- Work item:
Below is a listing. Return the lines from the one that contains "Vitre avant droit" to the one that contains "Toyota Corolla E110", both ends included, verbatim and with no pictures.

- Excerpted data:
══════
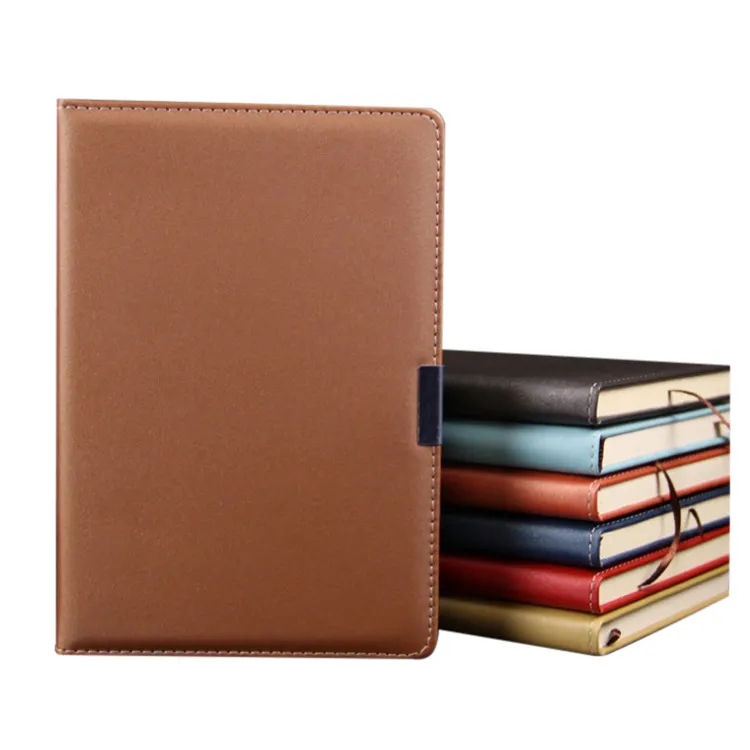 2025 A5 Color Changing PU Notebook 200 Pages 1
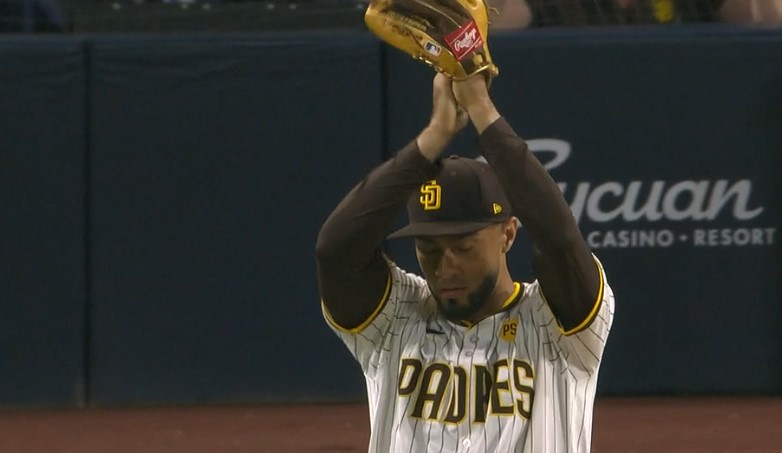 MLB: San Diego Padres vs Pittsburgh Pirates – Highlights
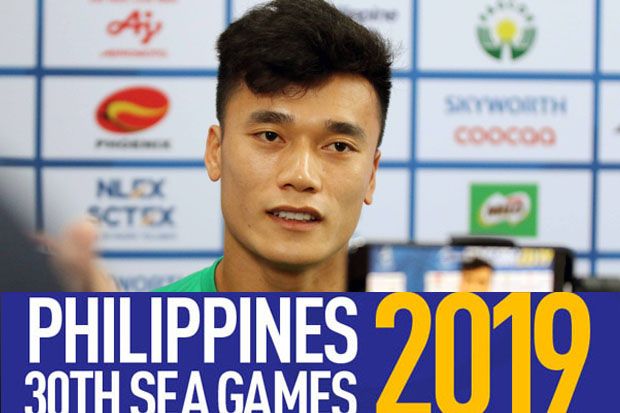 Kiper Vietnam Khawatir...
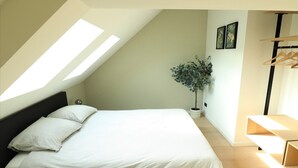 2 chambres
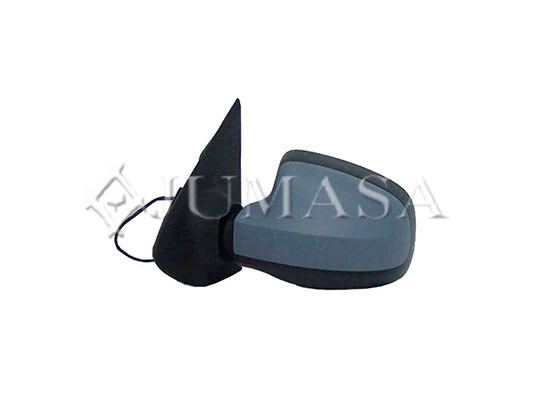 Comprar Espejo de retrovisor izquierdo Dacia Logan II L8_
══════
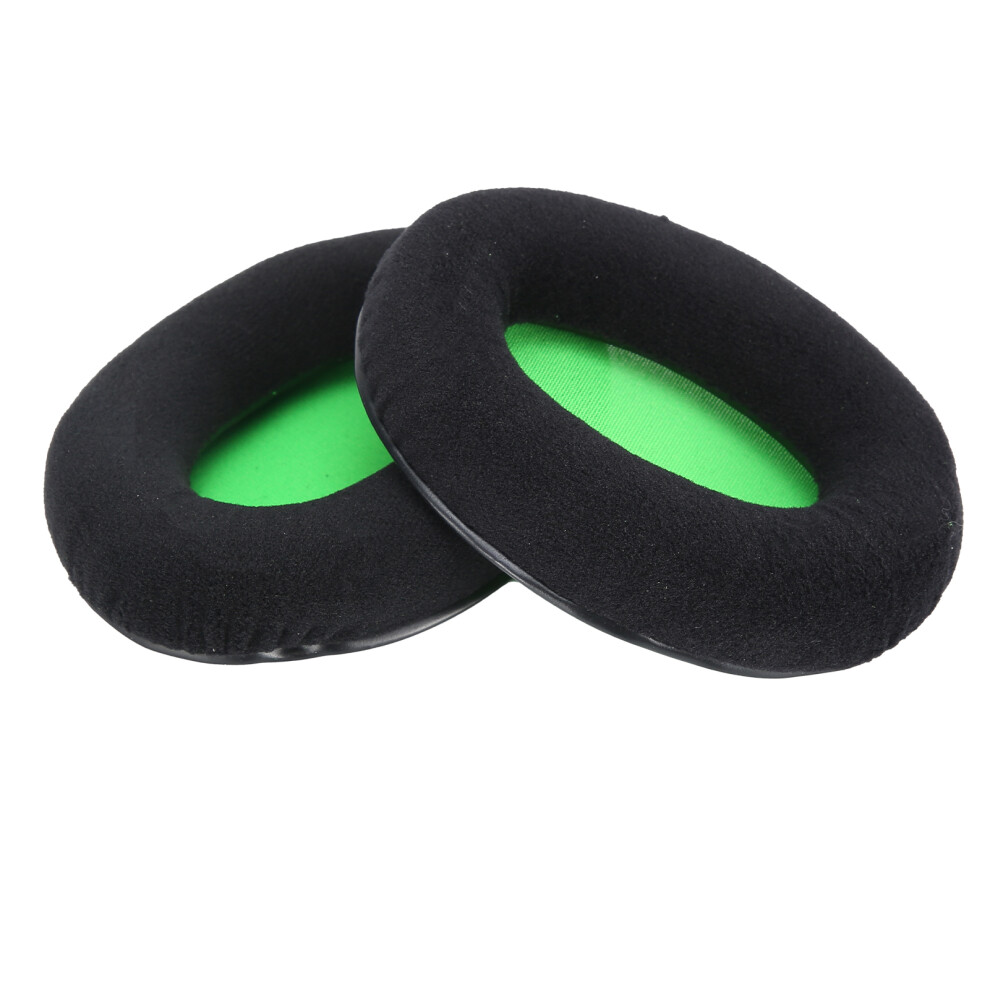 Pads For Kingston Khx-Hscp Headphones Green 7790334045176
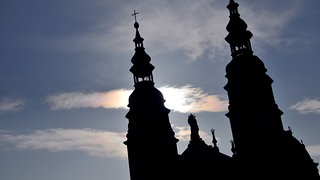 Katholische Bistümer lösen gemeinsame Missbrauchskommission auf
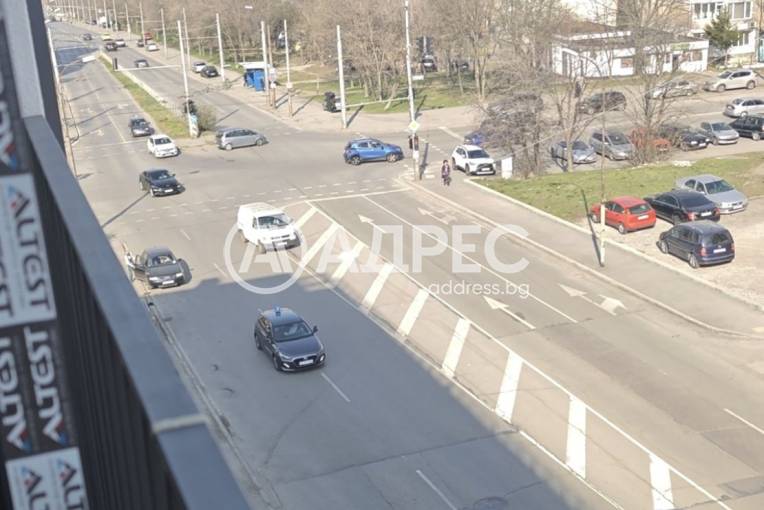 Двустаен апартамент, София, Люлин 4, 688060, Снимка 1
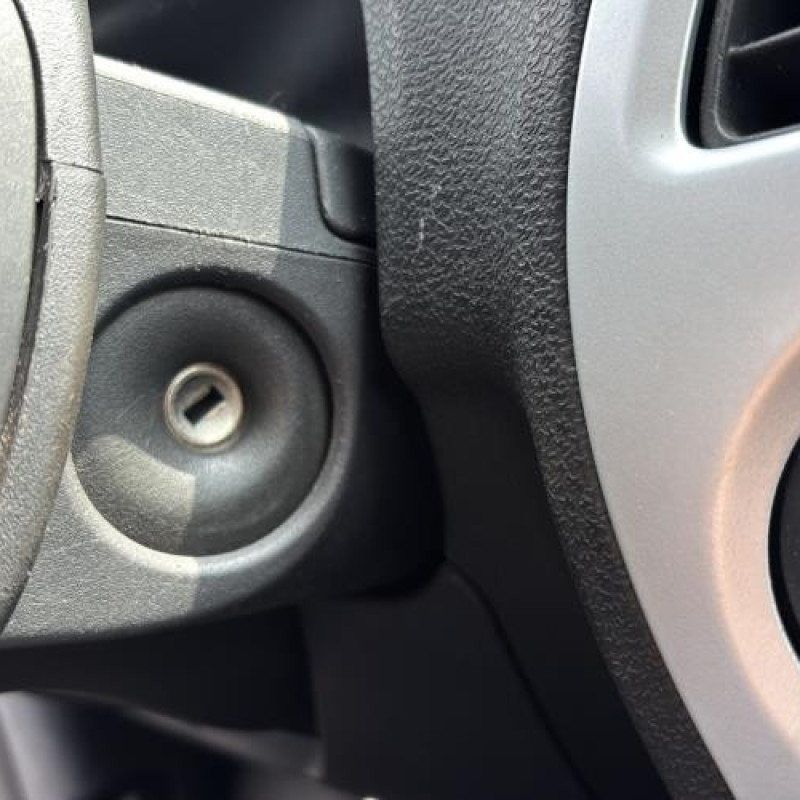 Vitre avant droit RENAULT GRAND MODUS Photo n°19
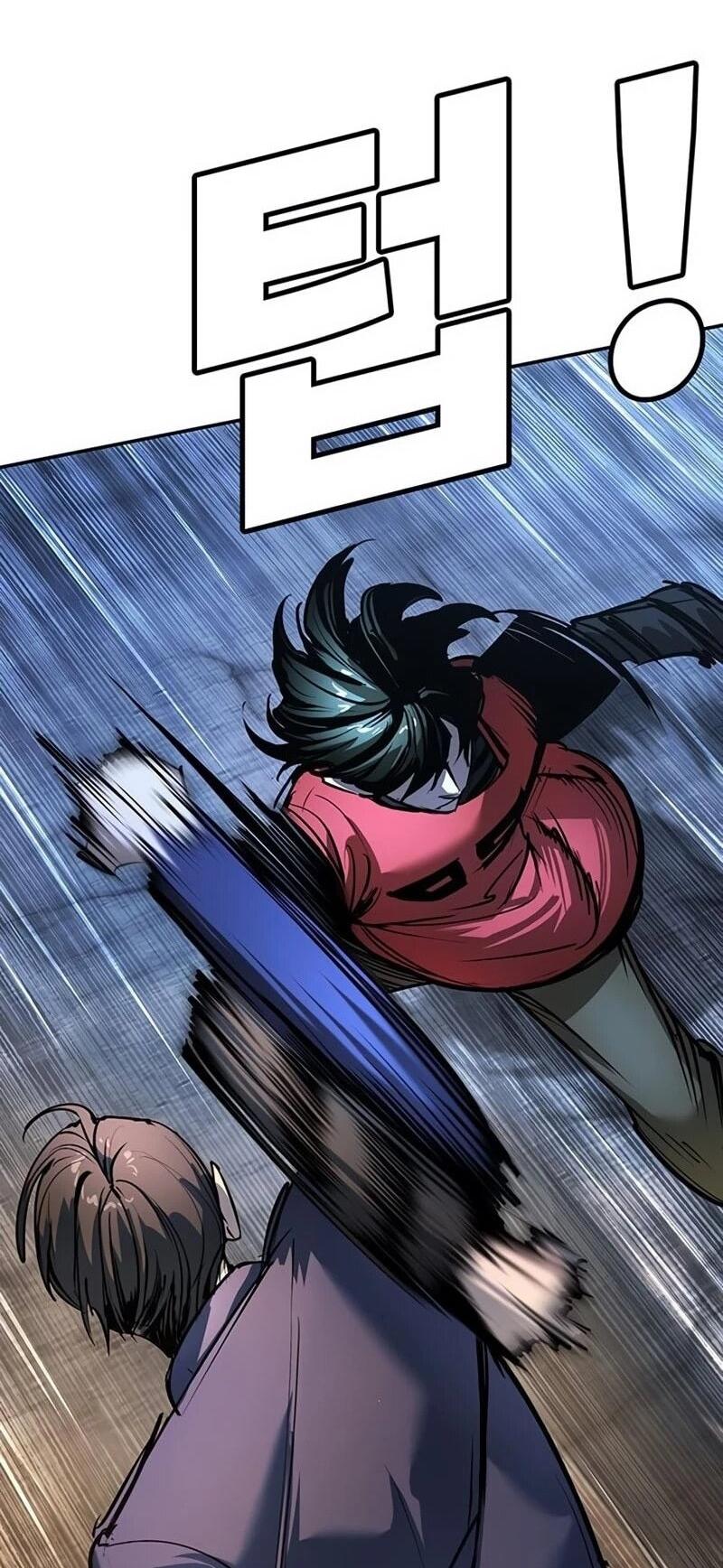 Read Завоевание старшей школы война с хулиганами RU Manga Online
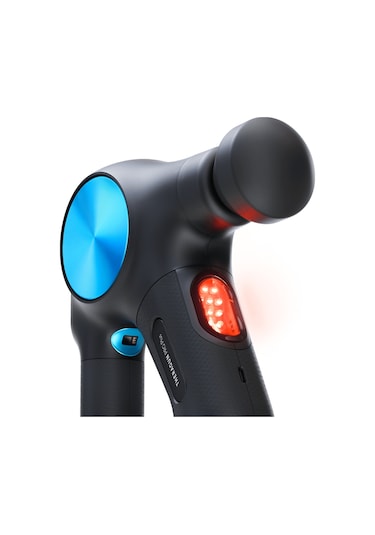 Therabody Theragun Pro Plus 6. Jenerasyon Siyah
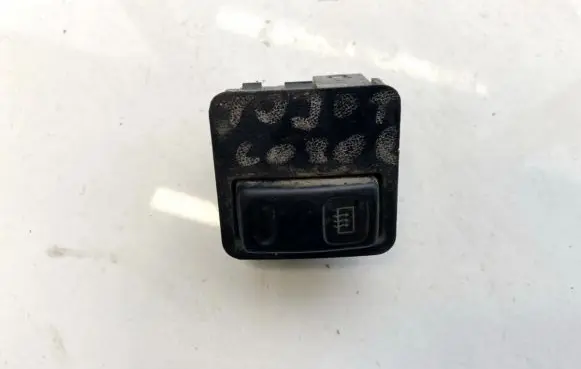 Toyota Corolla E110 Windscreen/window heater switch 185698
══════
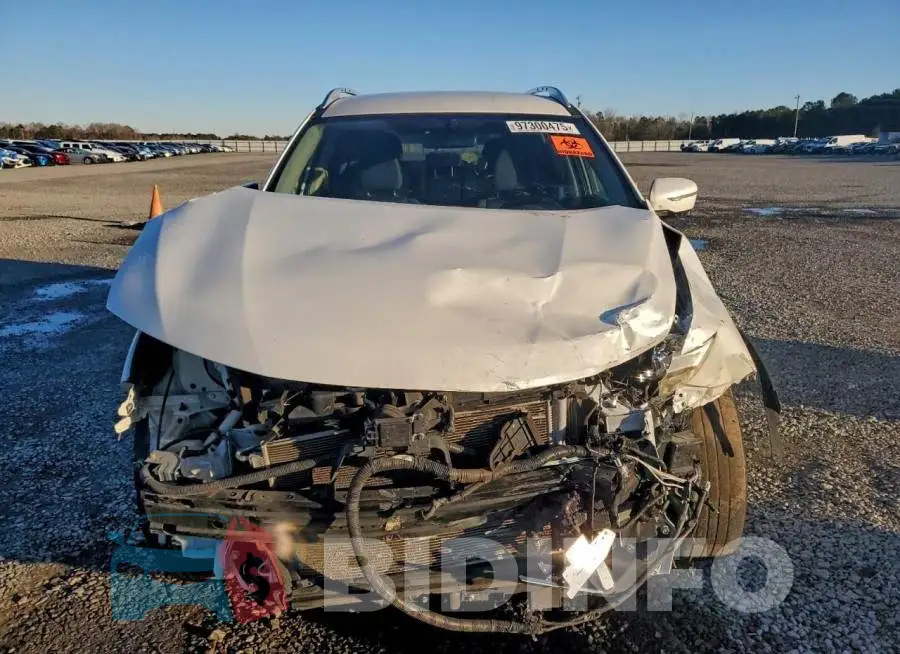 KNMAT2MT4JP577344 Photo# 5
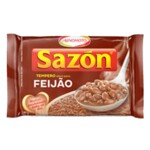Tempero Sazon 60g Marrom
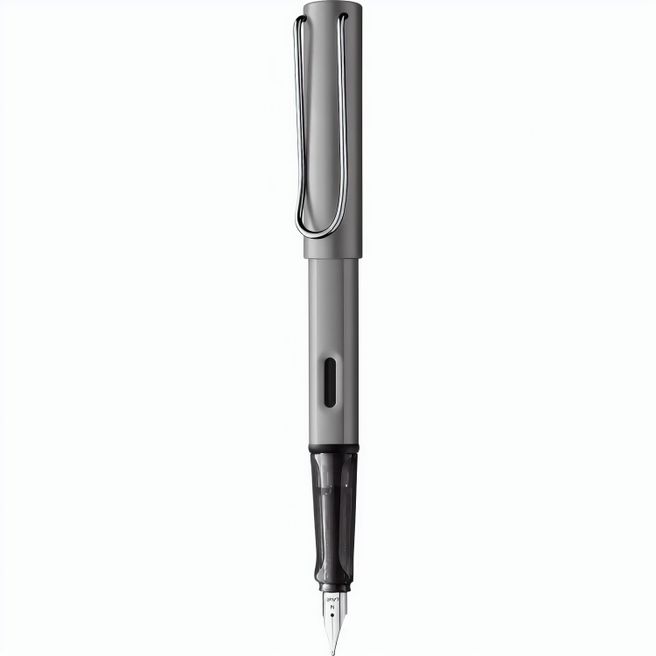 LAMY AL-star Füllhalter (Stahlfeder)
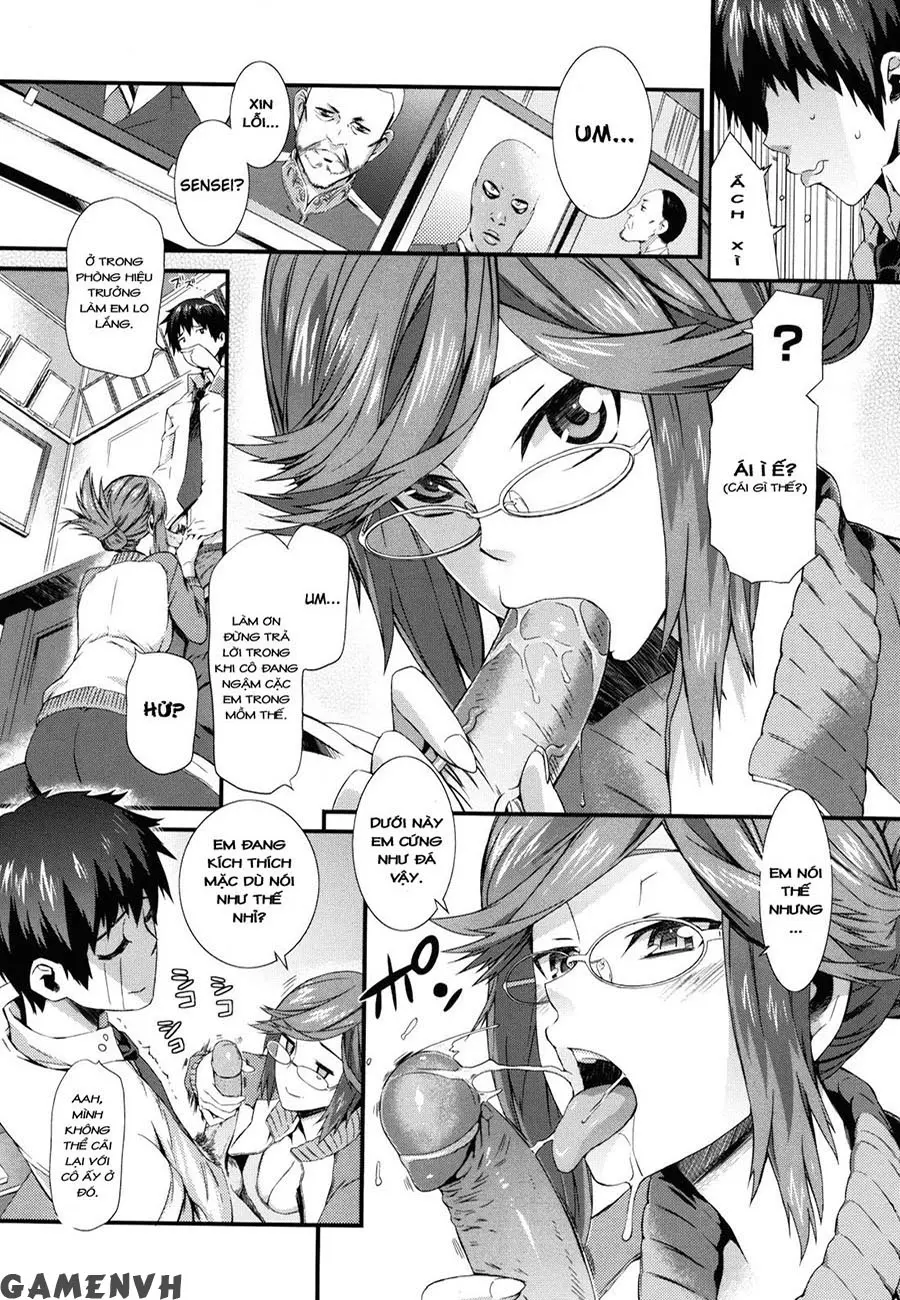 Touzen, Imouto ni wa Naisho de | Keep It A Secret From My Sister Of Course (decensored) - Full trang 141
══════
- Task output:
 Vitre avant droit RENAULT GRAND MODUS Photo n°19
 Read Завоевание старшей школы война с хулиганами RU Manga Online
 Therabody Theragun Pro Plus 6. Jenerasyon Siyah
 Toyota Corolla E110 Windscreen/window heater switch 185698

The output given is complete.